At first, we let the pressure sensor read the value directly and reflected it in the motor movement, but under Marcela’s guidance we realized that it would be better to use the pressure sensor as a trigger, so we changed the code. (I actually thought about using the pressure sensor as a trigger at first but when I wrote the if statement I didn’t realize that the else wasn’t necessary and I tried many times to get the code to work the way I wanted it to, but all I had to do was remove the else condition.TT )

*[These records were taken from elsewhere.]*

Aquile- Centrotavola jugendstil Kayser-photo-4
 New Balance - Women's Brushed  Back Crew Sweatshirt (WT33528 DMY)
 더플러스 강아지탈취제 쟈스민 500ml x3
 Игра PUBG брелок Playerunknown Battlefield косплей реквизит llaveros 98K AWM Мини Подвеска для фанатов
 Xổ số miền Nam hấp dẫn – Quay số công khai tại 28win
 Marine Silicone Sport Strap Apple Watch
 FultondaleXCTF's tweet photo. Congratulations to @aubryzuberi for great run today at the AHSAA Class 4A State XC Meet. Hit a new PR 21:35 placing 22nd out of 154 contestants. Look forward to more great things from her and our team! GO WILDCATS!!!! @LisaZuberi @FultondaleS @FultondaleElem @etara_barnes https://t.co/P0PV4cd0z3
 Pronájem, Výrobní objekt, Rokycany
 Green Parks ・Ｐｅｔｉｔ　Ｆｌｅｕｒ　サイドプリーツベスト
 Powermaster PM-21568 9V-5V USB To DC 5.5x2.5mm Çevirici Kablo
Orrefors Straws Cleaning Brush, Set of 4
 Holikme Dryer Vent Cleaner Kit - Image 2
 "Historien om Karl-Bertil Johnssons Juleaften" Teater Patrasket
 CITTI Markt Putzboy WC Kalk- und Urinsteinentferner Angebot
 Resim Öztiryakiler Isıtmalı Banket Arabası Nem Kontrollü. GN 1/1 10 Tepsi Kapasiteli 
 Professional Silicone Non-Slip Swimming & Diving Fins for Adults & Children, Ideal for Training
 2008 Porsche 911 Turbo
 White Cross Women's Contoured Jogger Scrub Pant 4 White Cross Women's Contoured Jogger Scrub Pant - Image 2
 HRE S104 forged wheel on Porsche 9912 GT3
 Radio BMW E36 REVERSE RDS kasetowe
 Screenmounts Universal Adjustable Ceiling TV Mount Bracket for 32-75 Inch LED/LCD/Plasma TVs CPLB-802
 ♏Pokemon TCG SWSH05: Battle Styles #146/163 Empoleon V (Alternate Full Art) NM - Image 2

Original code and its condition
#include <Servo.h> //header for controller servo
Servo servo; //keeping name of servo SERVO itself
int sensorvalue =0;
void setup(){
pinMode(A2,INPUT); //force sensor value input
pinMode(9,OUTPUT); //PWM output to servo
servo.attach(9); //telling where signal pin of servo attached(must be a PWM pin)
}
void loop(){
sensorvalue = analogRead(A2); //read analog value from sensor
servo.write(sensorvalue/3); //set servo position based on ADC result
}
Code we are using now
#include <Servo.h> //header for controller servo
Servo myservo; //keeping name of servo SERVO itself
int pos = 0;
int sensorvalue = 0;
void setup() {
pinMode(A2, INPUT); //force sensor value input
pinMode(9, OUTPUT); //PWM output to servo
myservo.attach(9); //telling where signal pin of servo attached(must be a PWM pin)
}
void loop() {
sensorvalue = analogRead(A2); //read analog value from sensor
//set servo position based on ADC result
if (sensorvalue >500){
moveServo();
}
//moveServo();
//myservo.write(180);
}
void moveServo() {
for (pos = 30; pos <= 150; pos += 1) { // goes from 0 degrees to 180 degrees
// in steps of 1 degree
myservo.write(pos); // tell servo to go to position in variable 'pos'
delay(10); // waits 15 ms for the servo to reach the position
}
for (pos = 150; pos >= 30; pos -= 1) { // goes from 180 degrees to 0 degrees
myservo.write(pos); // tell servo to go to position in variable 'pos'
delay(10); // waits 15 ms for the servo to reach the position
}
}
This is our initial result. To immobilize the spine, we designed a neck collar to make the whole device wearable. z This prototypeg did not work very well for several reasons:
1. The paper in the middle is too thick causing the whole device to be not very flexible
2. The distance between the bones and the bones is too large in so swinging when they can not touch each other to drive the movement
3. The motor is placed below (We haven’t realized at that time)
4. The motor is doing the curved movement and we swing the wooden crocodile toys when the action is actually a little different, perhaps better for linear movement. (We also haven’t realized at that time)
So based on the first two problems, we made another prototype to test. It is a scaled-up version of the model we used in the previous exercise.
We found that it was difficult to return the paper to its proper position after bending, and this problem seemed to be insurmountable for a while, so we needed to think about replacing the structure. Meanwhile, we hope to improve our prototype through 3D printing.
We found a model of a fish skeleton on Thingiverse, replaced the scale and trimmed the parts to make our new version of the skeleton prototype, and learned how to use the 3D printer in the process.
We tried to change the position of the motor to put it above, so that gravity will have less impact on the device. Now the model can be returned to the right position.
In addition, in order to transform the curved motion of the motor into a linear motion, we looked up information and found the Peaucellier-Lipkin Inversor.
We found an approximate model in Thingiverse and improved it (adding slides and make the model consistent with the theory)
For further improvement, we would like to make the model of the motor part smaller so that it can be worn on the body. At the same time, we need to replace the design of the skeletal joints so that they can be naturally connected to the motor part.